Santa Infância
Vila dos oficiais, onde vivi
Muita gente postando fotos dos
tempos de criança no Facebook em homenagem a 12 de outubro. Não sei
explicar, mas não consigo me mobilizar, correr atrás de fotos
minhas quando era pequeno para colocar lá também. Bate um certo
fastio. Cuidei e cuido mal de minha história pessoal, que está
espalhada por aí e, sinceramente, nessas horas gostaria de ser mais
cartesiano, mais “marcha soldado”, mais organizado, ter livros,
cadernos com toda a minha história, meus milhares de textos
publicados, mas não. O que vejo é uma zona, uma baderna, um
emaranhado de coisas espalhadas, perdidas, sumidas.
Minha infância. Lembro muito bem
dela porque é na infância que a felicidade plena, absoluta, deixa suas pegadas tatuadas
em nossa alma. Acho que só na infância temos acesso a ela, a
felicidade plena, porque vivíamos nadando no lúdico, nos sonhos, na
ingenuidade, na alienação natural sem o adestramento que vem mais
tarde. Minha infância foi em Angra dos Reis. Meu pai era oficial de Marinha e saímos daqui para morar na vila do Colégio Naval quando
eu tinha uns três ou quatro anos. E lá vivi até quase nove.
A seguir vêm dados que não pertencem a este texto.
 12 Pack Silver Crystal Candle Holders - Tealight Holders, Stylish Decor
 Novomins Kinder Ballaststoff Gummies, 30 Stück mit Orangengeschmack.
Meu primeiro colégio ficava no
centro de Angra e se chamava “Santa Infância”. Até
recentemente tinha o diploma emoldurado em minha mesa de trabalho,
mas ele também sumiu. Minha infância está guardada em minhas
memórias e envolvem muitos passarinhos, em especial coleirinhos,
tiês-sangue, sabiás, muito mar, pedras, siris, caranguejos e ele, o
céu.
Ficava horas e mais horas deitado
numa pedra de barriga para cima olhando o céu, vendo os jatos
passar muito alto riscando linhas retas e brancas naquele azul
profundo. A noite, os jatos davam lugar aos satélites que como
estrelas minúsculas cruzavam o céu. Numa dessas sessões de
contemplação lembro bem do meu primeiro, digamos, questionamento
filosófico. Em pensamento perguntei para mim mesmo “será que sou
feliz?”. Muitos anos depois, entregue a impotência da psicanálise, essa frase foi
trabalhada exaustivamente. Trabalhada, trabalhada, trabalhada
para...nada.
Minha infância ficou em Angra. Mora
lá, perambula por lá. Por que? Porque no amanhecer de um dia
qualquer de verão, minha família deixou o Colégio Naval rumo a
chamada civilização. Mudamos para Niterói. Lembro que quando
saíamos de carro o “meu” coleirinho predileto cantava forte no
alto de um ingazeiro enquanto o sol dava sinais de sua presença. Foi
a última imagem de minha infância: o sol nascendo, o ingazeiro e o
coleirinho. Minha santa infância acabava ali.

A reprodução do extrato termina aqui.